You are viewing a plain text version of this content. The canonical link for it is here.

Posted to user@nutch.apache.org by Chris Anderson <jc...@grabb.it> on 2008/06/28 22:12:14 UTC

stripped down crawl

Hi,

I'm running a crawl which uses my own parsers (via hadoop streaming
jar) so I have no use of the Lucene / fulltext side of Nutch. Of
course I'm using Nutch to develop the ongoing crawldb.

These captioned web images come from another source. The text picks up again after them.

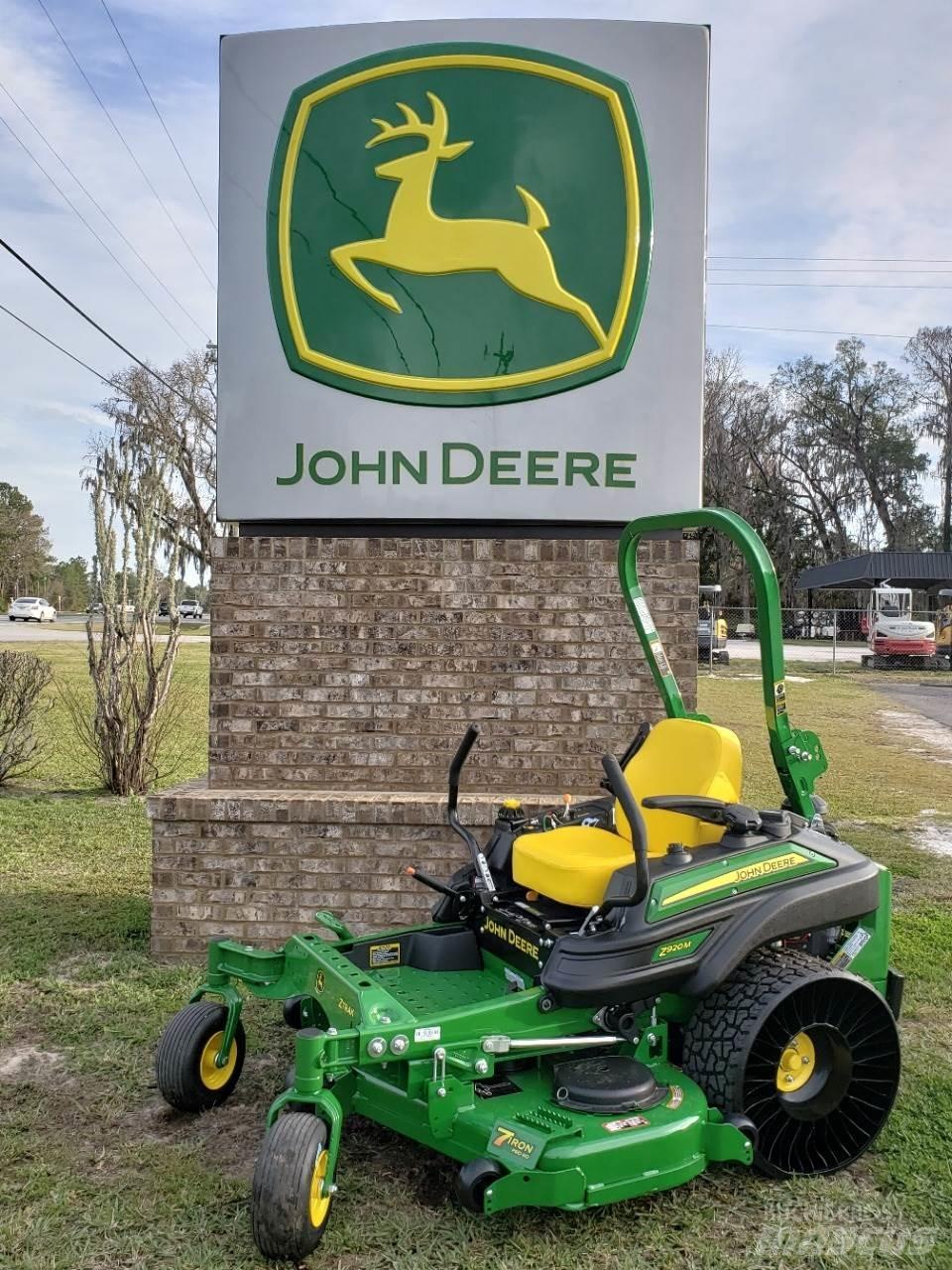 John Deere Z920M Tosaerba zero turn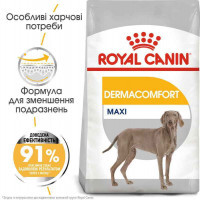 Royal Canin (Роял Канин) Maxi Dermacomfort - Сухой корм для собак с проблемной кожей - Фото 3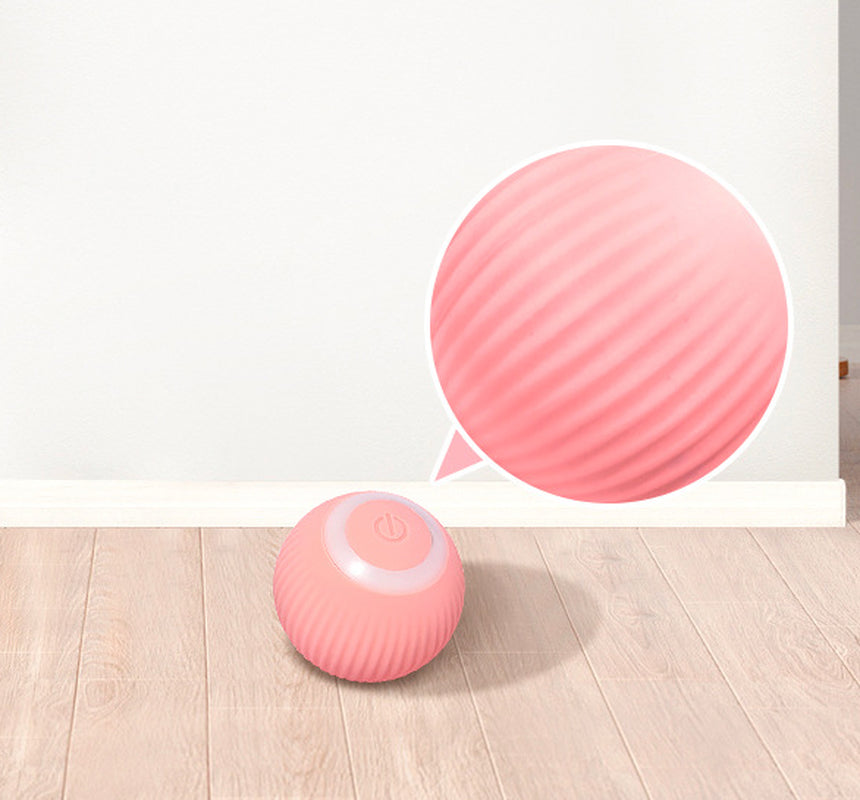 Cat Gravity Intelligent Rolling Ball Tease Toy Pet Automatic Rotating Ball | Essentials online Store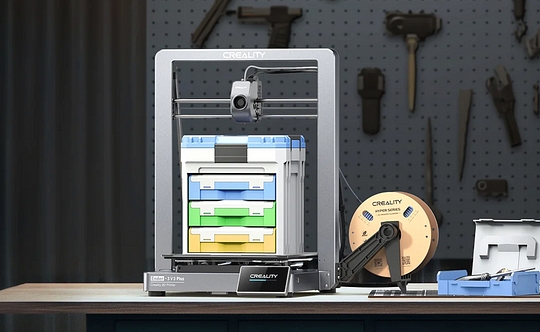 Creality startet den Verkauf des Ender-3 V3 Plus: Größerer CoreXZ für beispiellose Leistung.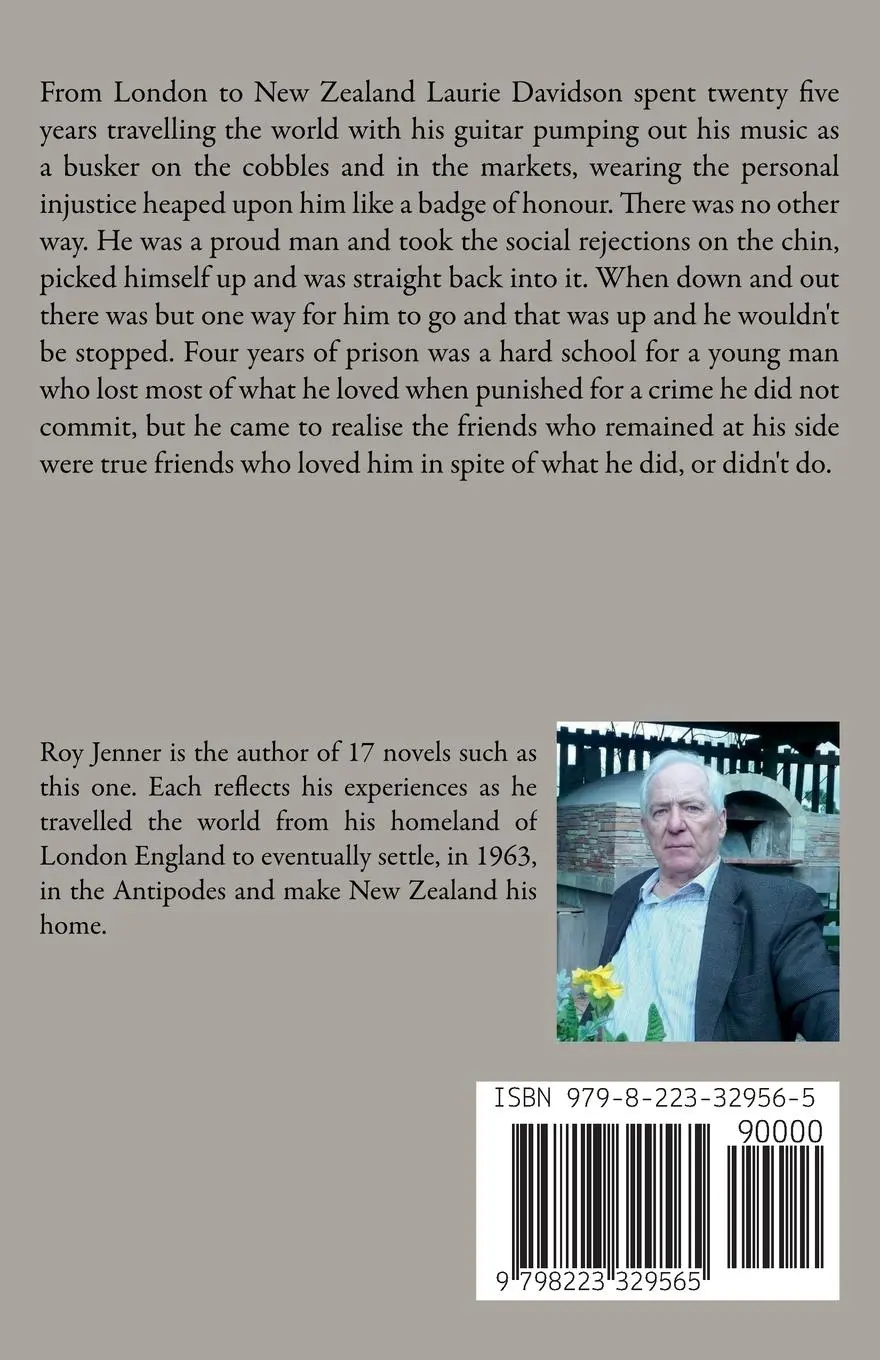 Rückseite: 9798223329565 | The Shadow of the Black Sheep | Roy Jenner | Taschenbuch | Englisch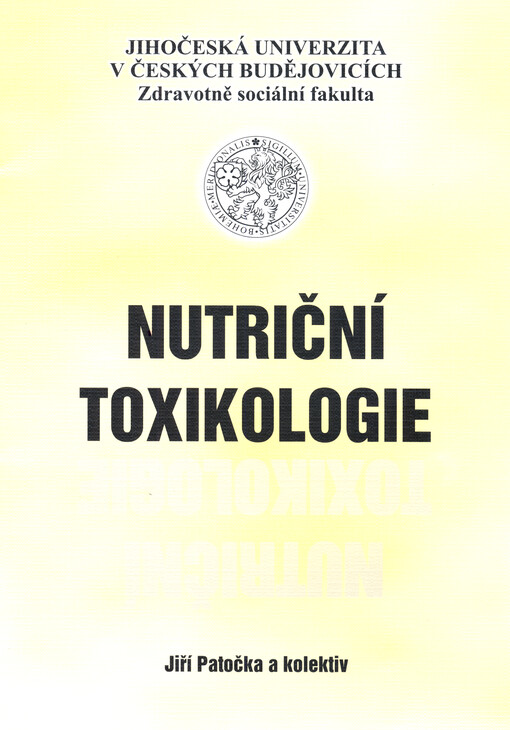 Nutriční toxikologie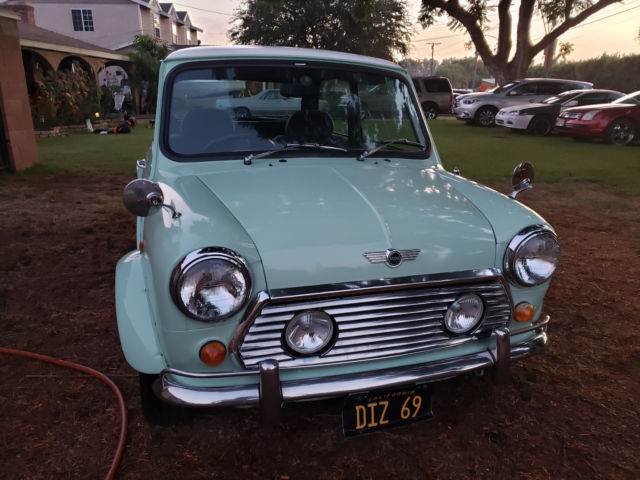 1969 Austin Mini Cooper - photo 3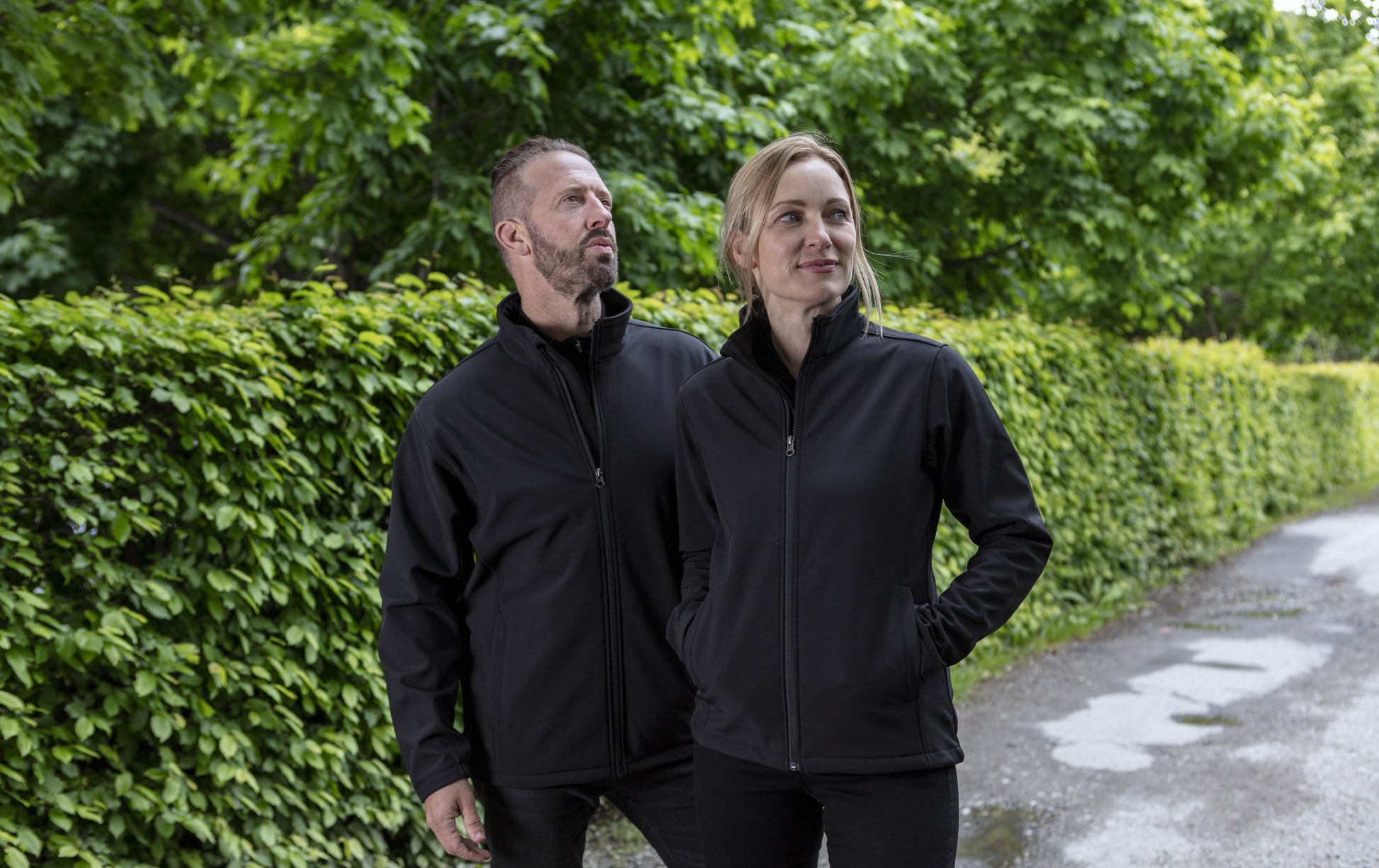 Balfour Softshell Jacket - Mens - Liam Gratis - Arts and Crafts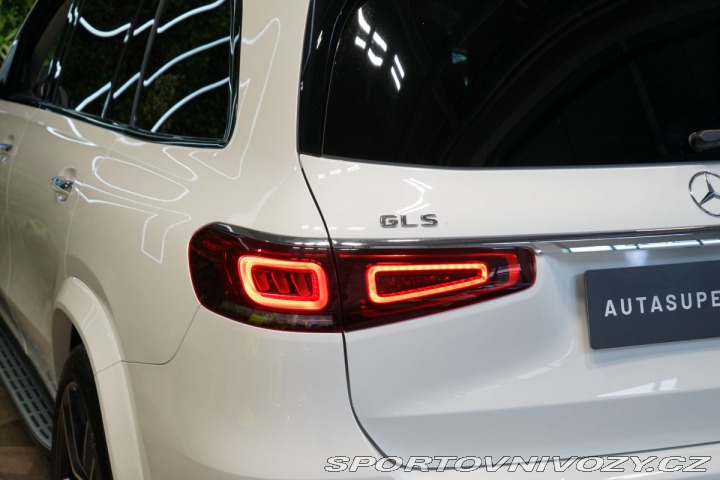 Mercedes-Benz Ostatní modely GLS 350d 4M*AMG*BURM*PANO*TAŽ 2021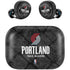 NBA Portland Trail Blazers Dark Rust Amazon Echo Buds Skin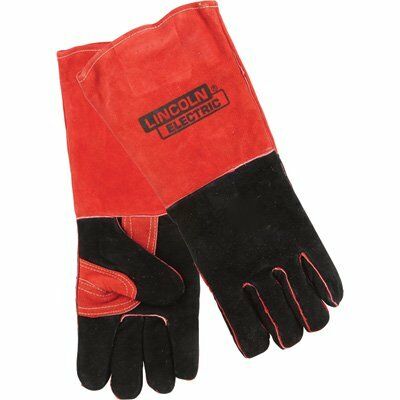 Lincoln Electric Welding Gloves - Red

My question is
can I leave the Parsing stage out of my CrawlTask, and still have
Nutch generate the next depth's URLs?


Here is what I'm doing currently:

Injector injector = new Injector(conf);
Generator generator = new Generator(conf);
Fetcher fetcher = new Fetcher(conf);
ParseSegment parseSegment = new ParseSegment(conf);
CrawlDb crawlDbTool = new CrawlDb(conf);

// initialize crawlDb
injector.inject(crawlDb, rootUrlDir);
int i;
for (i = 0; i < depth; i++) {
  // generate new segment
  Path segment = generator.generate(crawlDb, segments, -1, topN,
System.currentTimeMillis(),false,false);
  if (segment == null) {
    LOG.info("Stopping at depth=" + i + " - no more URLs to fetch.");
    break;
  }
  // fetch it
  fetcher.fetch(segment, threads);

  // parse it, if needed
  if (!Fetcher.isParsing(job)) {
    parseSegment.parse(segment);
  }
  // update crawldb
  crawlDbTool.update(crawlDb, new Path[]{segment}, true, false);
}

-- 
Chris Anderson
http://jchris.mfdz.com